I never aspired to be a district ranger like most current district rangers. I first considered a district ranger job when a fellow member of APAEA told me that she took a detail as a district ranger, and she enjoyed her experience. I always thought being a district ranger would not be the right fit for me because it involved politics and human resources issues, but I decided to try it out. In 2013, I was successful at getting a district ranger detail on the Stanislaus National Forest. I enjoyed the detail, and I was successful at getting the permanent position at the same location. There are certainly negative aspects about the job, but the positives often outweigh the negatives.
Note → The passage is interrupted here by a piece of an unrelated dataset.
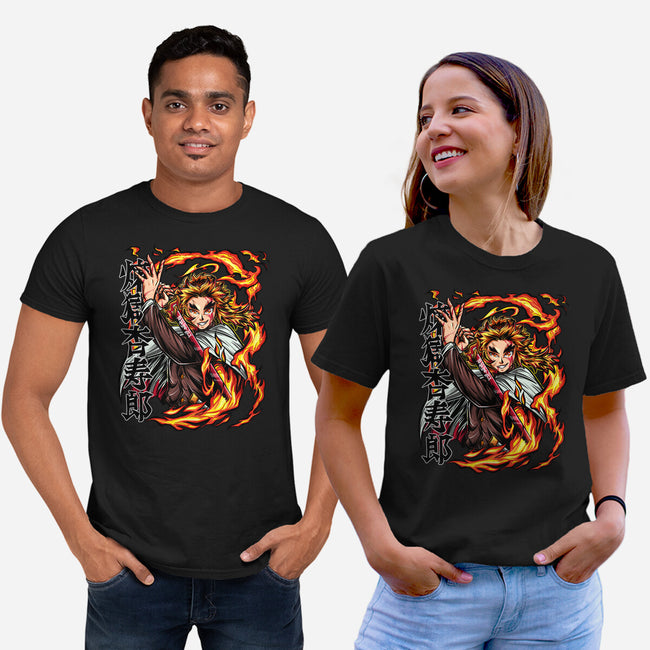 Master Swordsman-unisex basic tee-Duardoart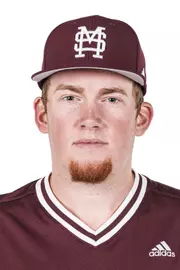 STARKVILLE, MS - November 15, 2024 - Mississippi State Pitcher Nate Williams (#29) during 2024-2205 Baseball Production Day at Dudy Noble Field at Polk-Dement Stadium in Starkville, MS. Photo By Mike Mattina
As a district ranger, I learned about all Forest Service programs, including timber, hydrology, range, fire, public affairs, budget, and human resources. The learning curve was initially steep, and it was challenging to learn all the programs.

I am learning how to effectively interact with different types of people. I discovered as a district ranger, it is more about relationships and people. It is quite challenging at times because I am more of a “thinker” rather than a “feeler”, but I am learning to adapt and embrace the challenges. The district ranger position helps you grow as a person by helping you develop unfamiliar sides of yourself to interact with a variety of people internally (Forest Service employees) and externally (other agencies, permitees, public).

There are not many APA district rangers in the Forest Service. Perhaps it is because many APA don’t consider a district ranger job to be a good fit. For me, I tend to be an introverted thinker, and my natural tendencies seem contrary to the position. But this position allowed me a great opportunity to grow as a leader, and allows me to create positive change that can impact many.